- _Assignment_:
Return the data below unchanged, without images.

- _Recorded information_:

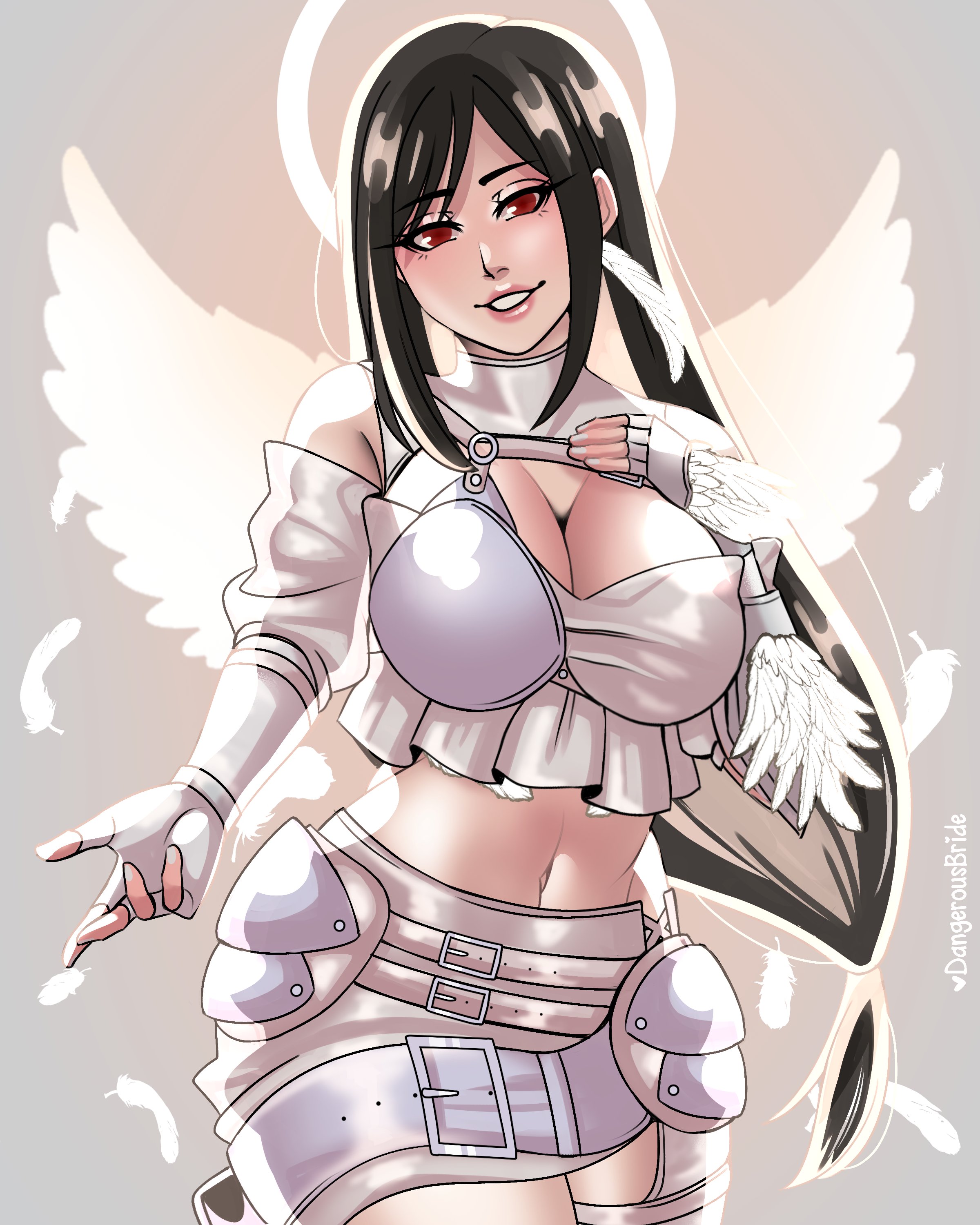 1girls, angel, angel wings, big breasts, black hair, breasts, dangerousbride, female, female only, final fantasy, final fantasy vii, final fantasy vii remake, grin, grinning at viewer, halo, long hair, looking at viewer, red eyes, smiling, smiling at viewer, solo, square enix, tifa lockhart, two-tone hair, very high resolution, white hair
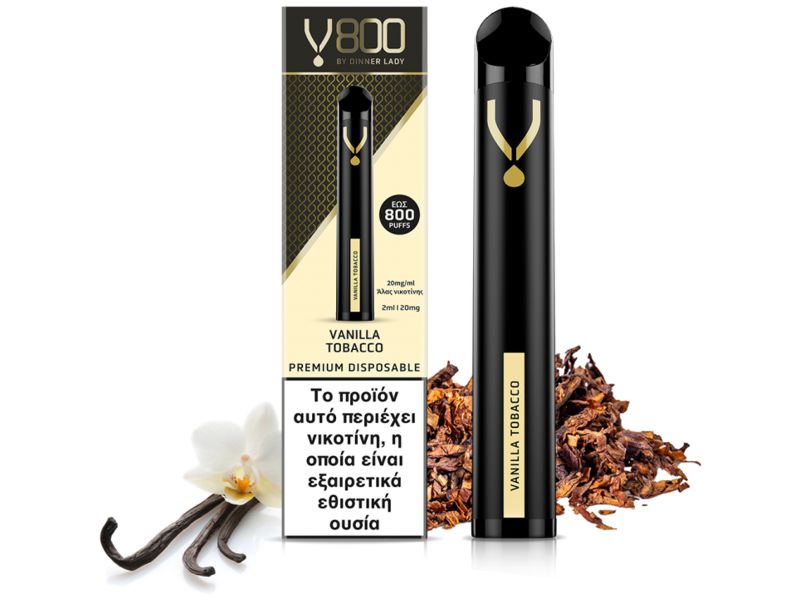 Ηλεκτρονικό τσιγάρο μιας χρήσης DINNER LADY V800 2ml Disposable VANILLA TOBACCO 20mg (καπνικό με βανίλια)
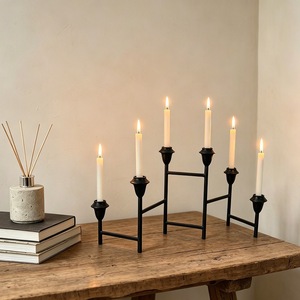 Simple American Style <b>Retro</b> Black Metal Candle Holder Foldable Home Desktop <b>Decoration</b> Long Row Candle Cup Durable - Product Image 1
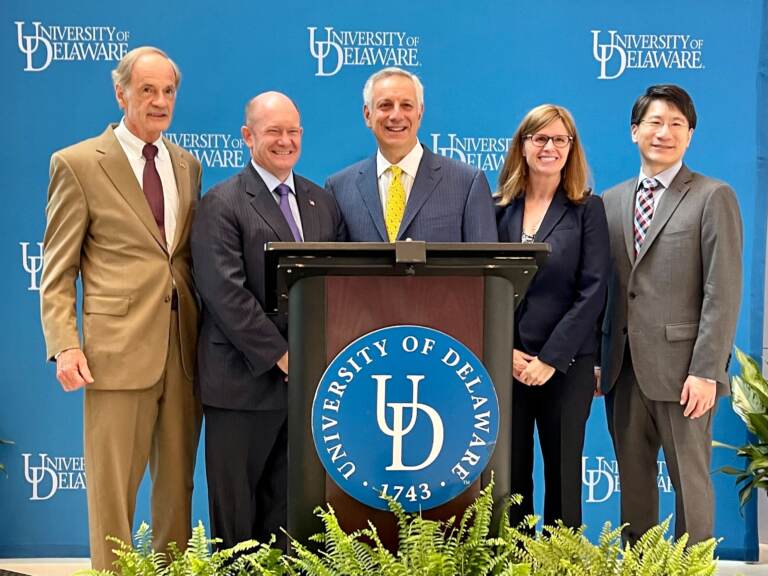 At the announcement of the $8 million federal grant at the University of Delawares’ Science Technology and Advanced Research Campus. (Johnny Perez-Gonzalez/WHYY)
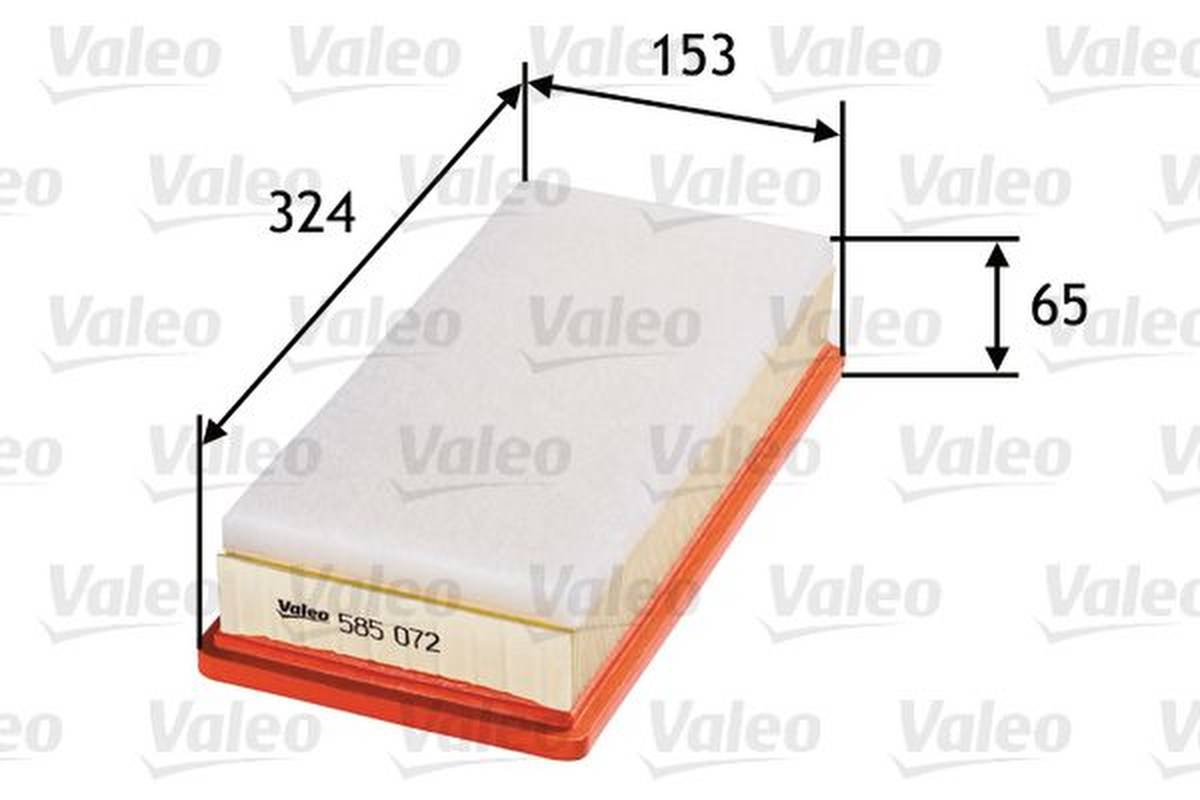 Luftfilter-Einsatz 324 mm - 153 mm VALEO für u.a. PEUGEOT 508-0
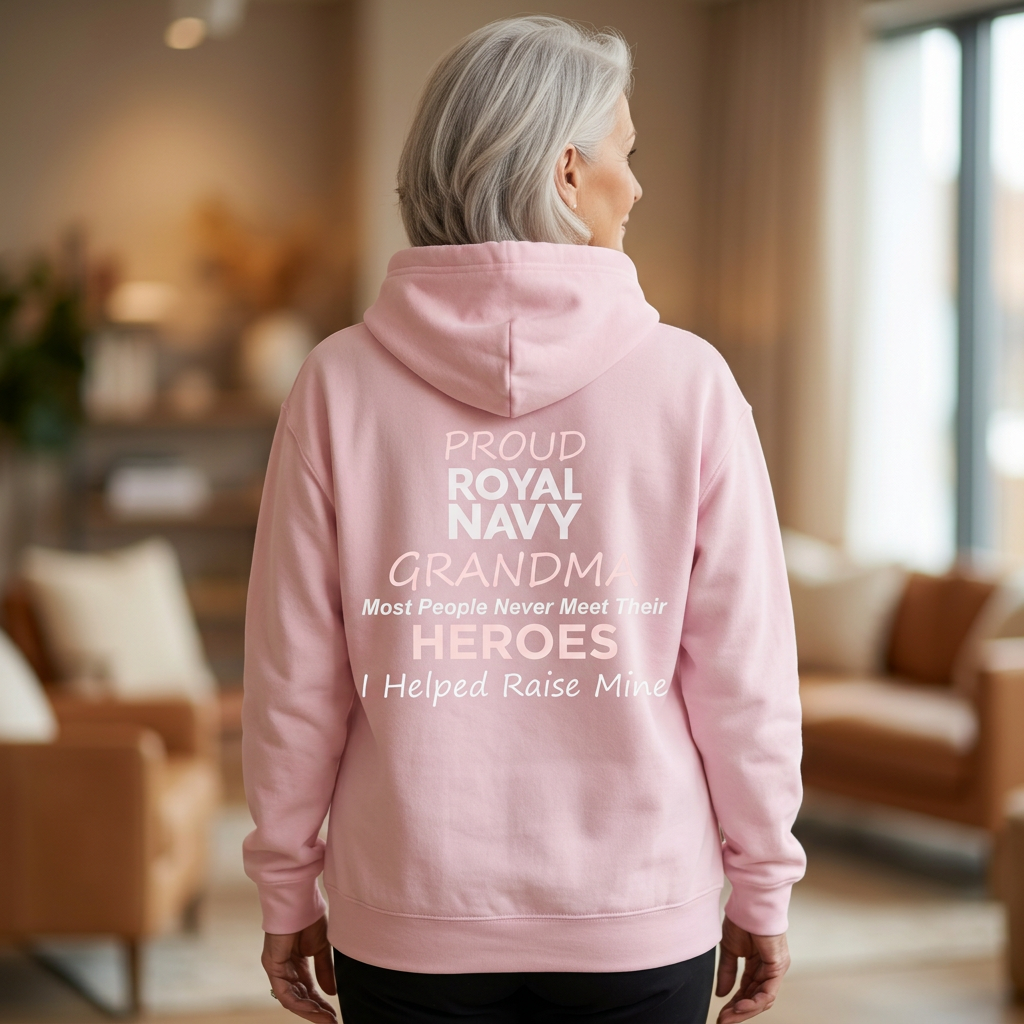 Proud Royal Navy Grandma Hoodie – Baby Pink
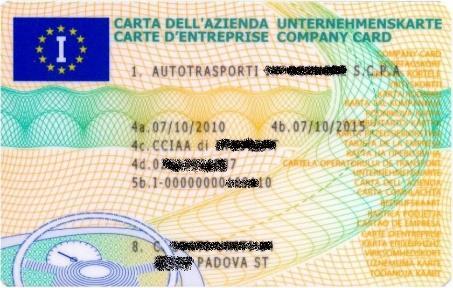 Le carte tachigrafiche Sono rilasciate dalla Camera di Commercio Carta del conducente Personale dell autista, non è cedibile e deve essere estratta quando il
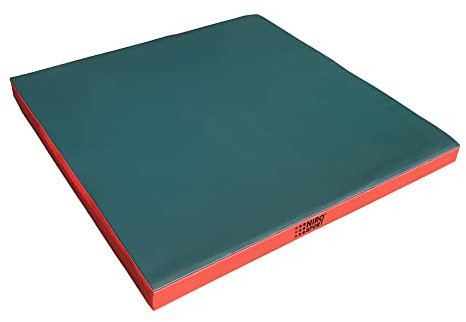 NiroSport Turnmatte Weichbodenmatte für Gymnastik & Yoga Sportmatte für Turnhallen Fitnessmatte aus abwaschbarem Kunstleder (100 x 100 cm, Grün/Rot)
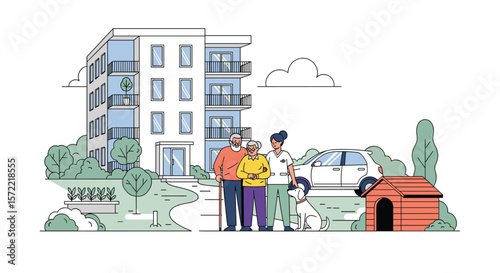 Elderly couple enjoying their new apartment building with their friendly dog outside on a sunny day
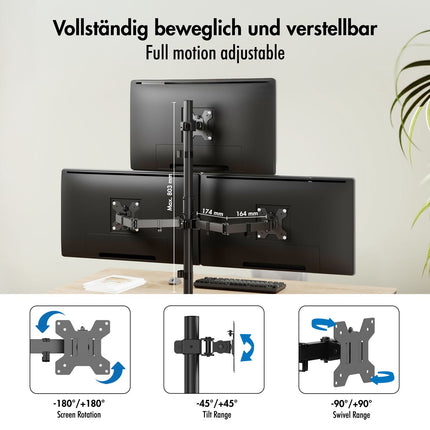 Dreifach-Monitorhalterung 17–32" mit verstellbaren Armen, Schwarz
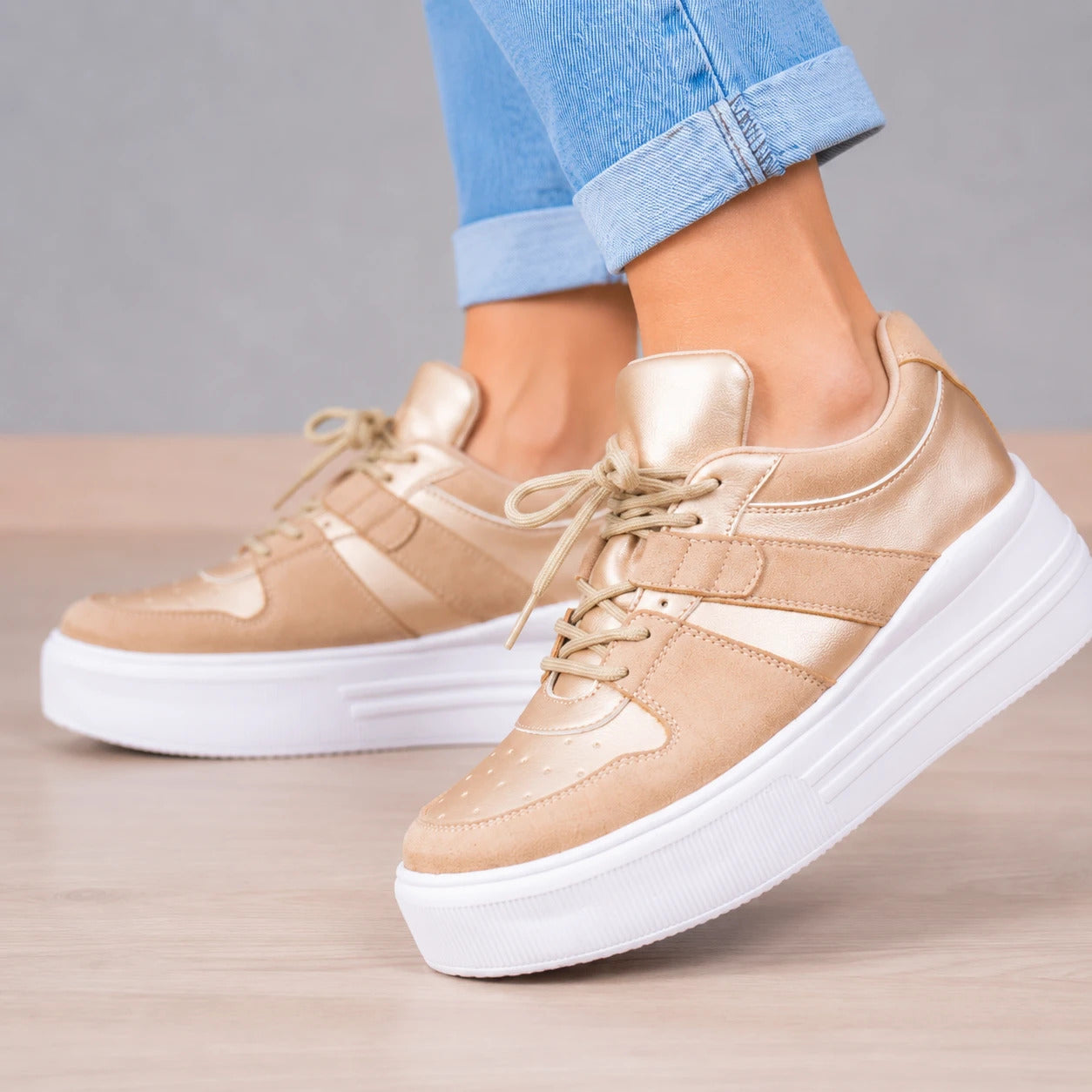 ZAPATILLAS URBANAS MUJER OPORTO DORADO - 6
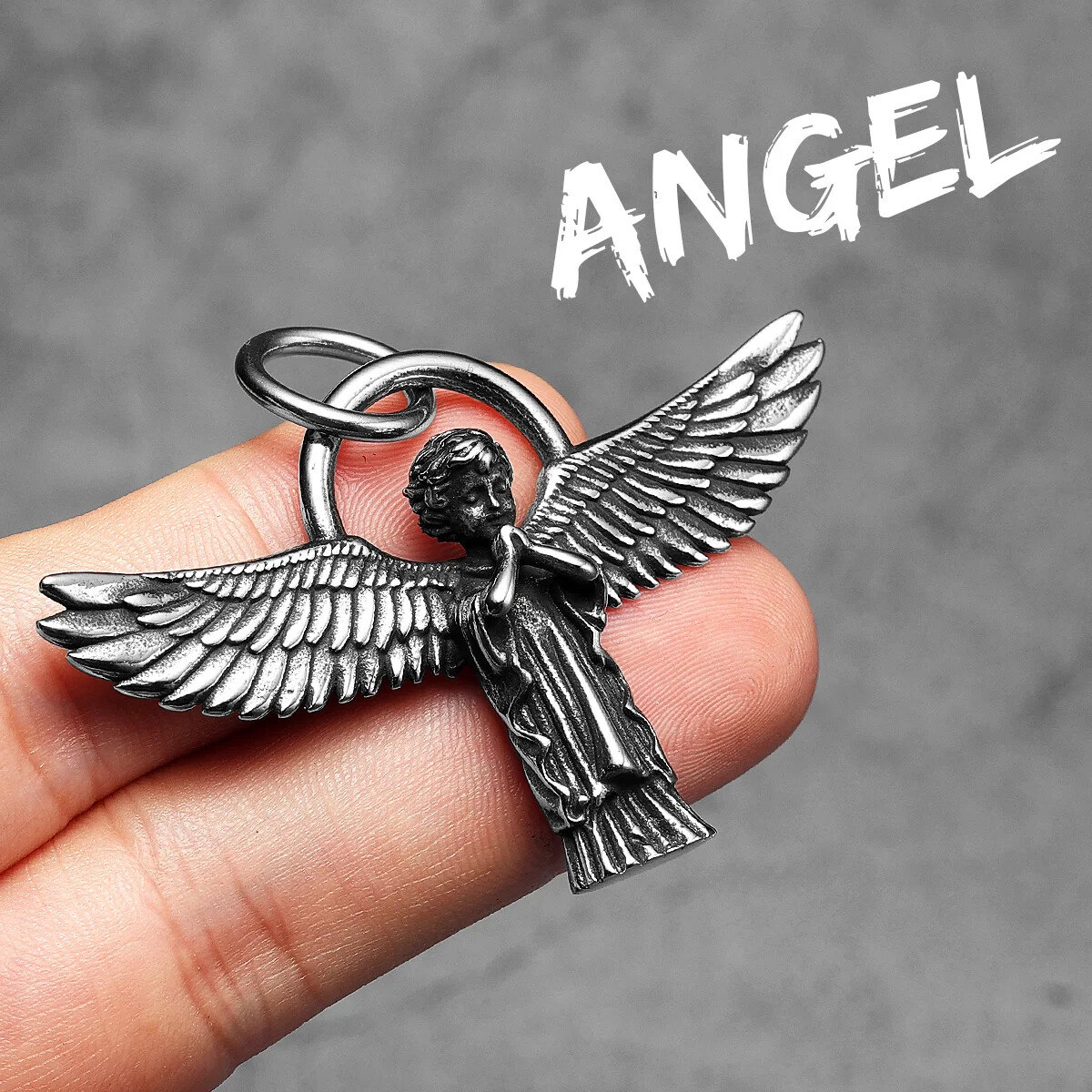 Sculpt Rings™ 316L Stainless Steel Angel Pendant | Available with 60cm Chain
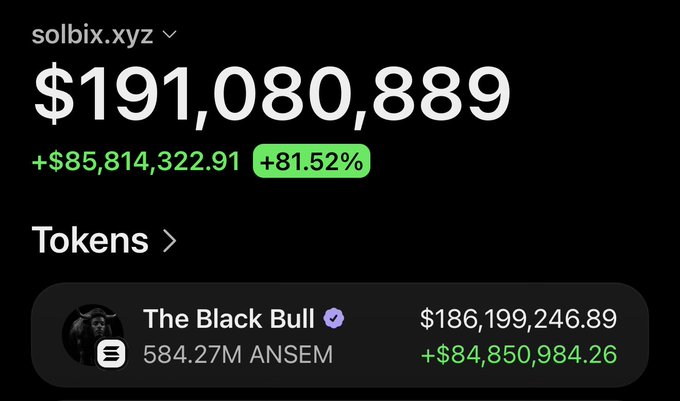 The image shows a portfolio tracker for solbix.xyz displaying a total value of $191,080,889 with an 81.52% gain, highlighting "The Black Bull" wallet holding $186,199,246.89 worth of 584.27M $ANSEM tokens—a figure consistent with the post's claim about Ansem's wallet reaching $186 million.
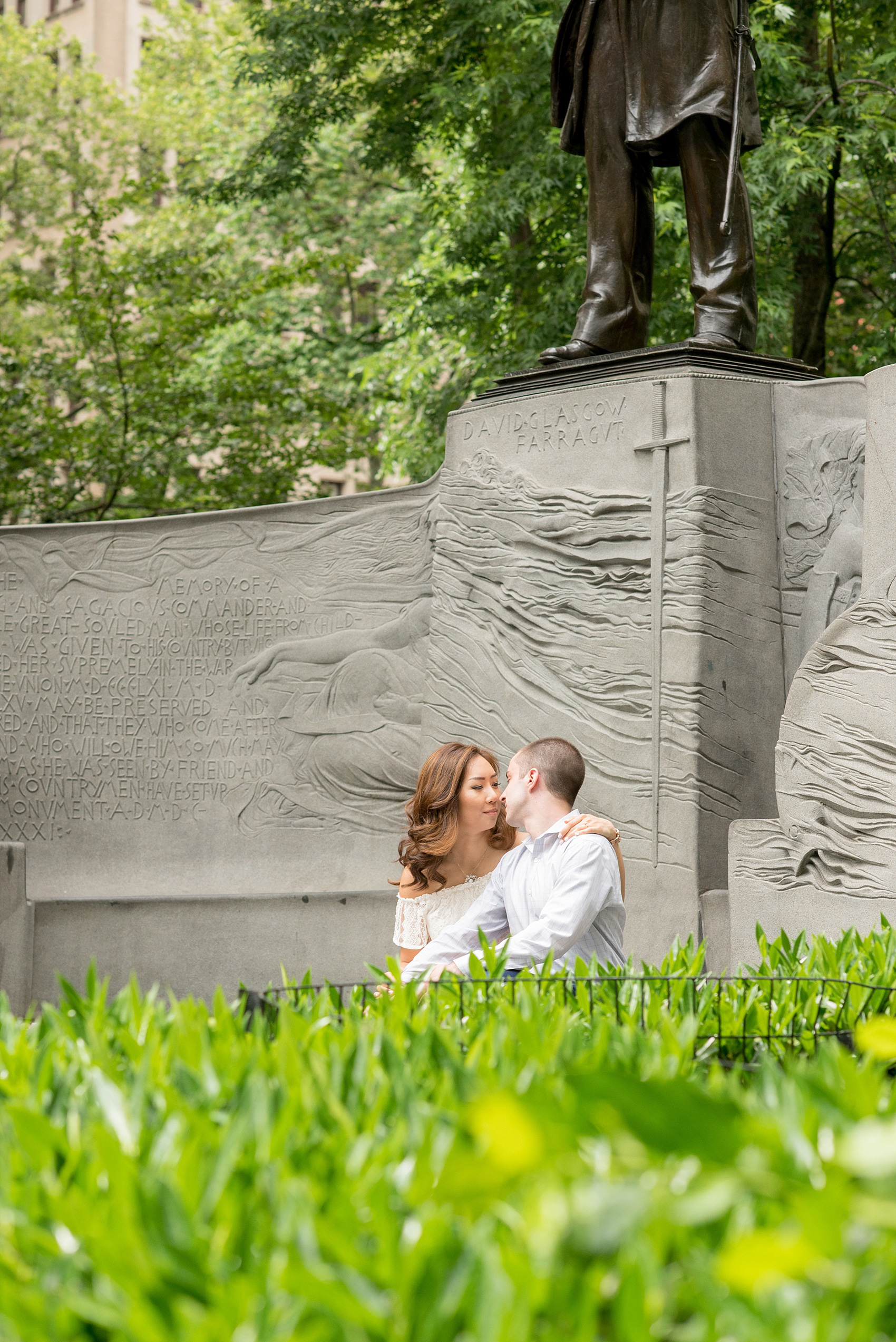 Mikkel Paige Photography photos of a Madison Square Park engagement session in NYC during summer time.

- _Exercise result_:
 1girls, angel, angel wings, big breasts, black hair, breasts, dangerousbride, female, female only, final fantasy, final fantasy vii, final fantasy vii remake, grin, grinning at viewer, halo, long hair, looking at viewer, red eyes, smiling, smiling at viewer, solo, square enix, tifa lockhart, two-tone hair, very high resolution, white hair
 Ηλεκτρονικό τσιγάρο μιας χρήσης DINNER LADY V800 2ml Disposable VANILLA TOBACCO 20mg (καπνικό με βανίλια)
 Simple American Style <b>Retro</b> Black Metal Candle Holder Foldable Home Desktop <b>Decoration</b> Long Row Candle Cup Durable - Product Image 1
 At the announcement of the $8 million federal grant at the University of Delawares’ Science Technology and Advanced Research Campus. (Johnny Perez-Gonzalez/WHYY)
 Luftfilter-Einsatz 324 mm - 153 mm VALEO für u.a. PEUGEOT 508-0
 Proud Royal Navy Grandma Hoodie – Baby Pink
 Le carte tachigrafiche Sono rilasciate dalla Camera di Commercio Carta del conducente Personale dell autista, non è cedibile e deve essere estratta quando il
 NiroSport Turnmatte Weichbodenmatte für Gymnastik & Yoga Sportmatte für Turnhallen Fitnessmatte aus abwaschbarem Kunstleder (100 x 100 cm, Grün/Rot)
 Elderly couple enjoying their new apartment building with their friendly dog outside on a sunny day
 Dreifach-Monitorhalterung 17–32" mit verstellbaren Armen, Schwarz
 ZAPATILLAS URBANAS MUJER OPORTO DORADO - 6
 Sculpt Rings™ 316L Stainless Steel Angel Pendant | Available with 60cm Chain
 The image shows a portfolio tracker for solbix.xyz displaying a total value of $191,080,889 with an 81.52% gain, highlighting "The Black Bull" wallet holding $186,199,246.89 worth of 584.27M $ANSEM tokens—a figure consistent with the post's claim about Ansem's wallet reaching $186 million.
 Mikkel Paige Photography photos of a Madison Square Park engagement session in NYC during summer time.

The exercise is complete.